Dallas approves marijuana cite and release program

People caught with small amounts of marijuana will get a ticket instead of going to jail in Dallas.

The city council voted 10-5 Wednesday afternoon to approve the so-called "cite and release" pilot program. The new rules would affect people caught with four ounces or less of marijuana and aren’t committing another crime. The rule would go into effect in October 2017.

Councilmember Phillip Kingston says specifically he's been battling the odds for years to see cite and release become reality and was happy with its passage.

“We have the absolute duty to define how we spend our limited public safety resources,” Kingston said.

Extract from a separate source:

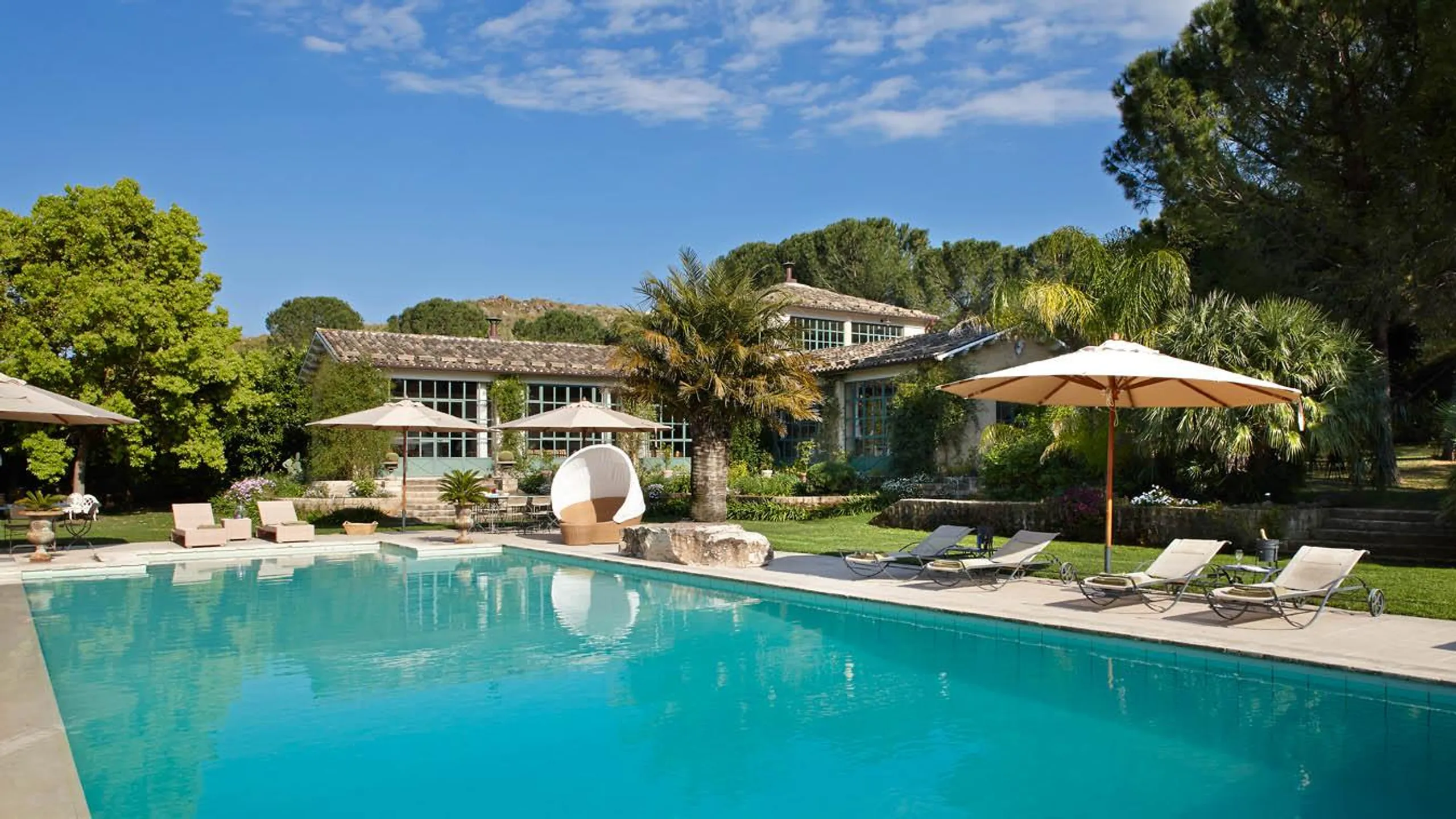 Sensational Sicily Villa with Private Pool and Lush Vineyard Views — photograph 3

But Dallas Police Association President Mike Mata says he thinks the council didn't think the plan through.

"When we're talking four ounces.  Two ounces is a handful, a large handful. We're talking two large handfuls of marijuana," Mata said.  "That's not someone, you know, with personal consumption at the time. No that's somebody who could easily break that up and sell to other individuals."

Attorney Pete Schulte said on FOX4's Good Day the plan wouldn’t reduce the offense from a Class B misdemeanor, which is the same as a first-time DWI. Instead, police would release offenders on a personal recognizance bond on the side of the road and let them know they’ll need to appear in county court later.

“The problem with cite and release is this, if somebody doesn’t show up to court it shifts the burden of getting them to court to the sheriff’s office or the DA’s office. And so for the city to say hey we want to do this they have to get the entire criminal justice system on board and I don’t think they’re there yet,” Schulte said.

But, he does agree that attitudes about small amounts of marijuana for personal use are changing.

“When I started as an officer in the late 90s if you had a joint you went to jail,” he said.

Now he knows a lot of officers “return it to nature” and give people warnings. Officers do have some discretion, although it's less now with body cameras.

Other cities have started writing tickets for attempted possession of marijuana, which drops the offense down from a Class B to a Class C misdemeanor. That’s the equivalent to a speeding ticket.

“It keeps it in the city. The money stays in the city and everything is handled by municipal court,” Schulte said.

There is a similar proposal in Austin right now, but Gov. Greg Abbott has already said he will not support a change in Texas.

Note: This story has been updated to include the response from The Dallas Police Association.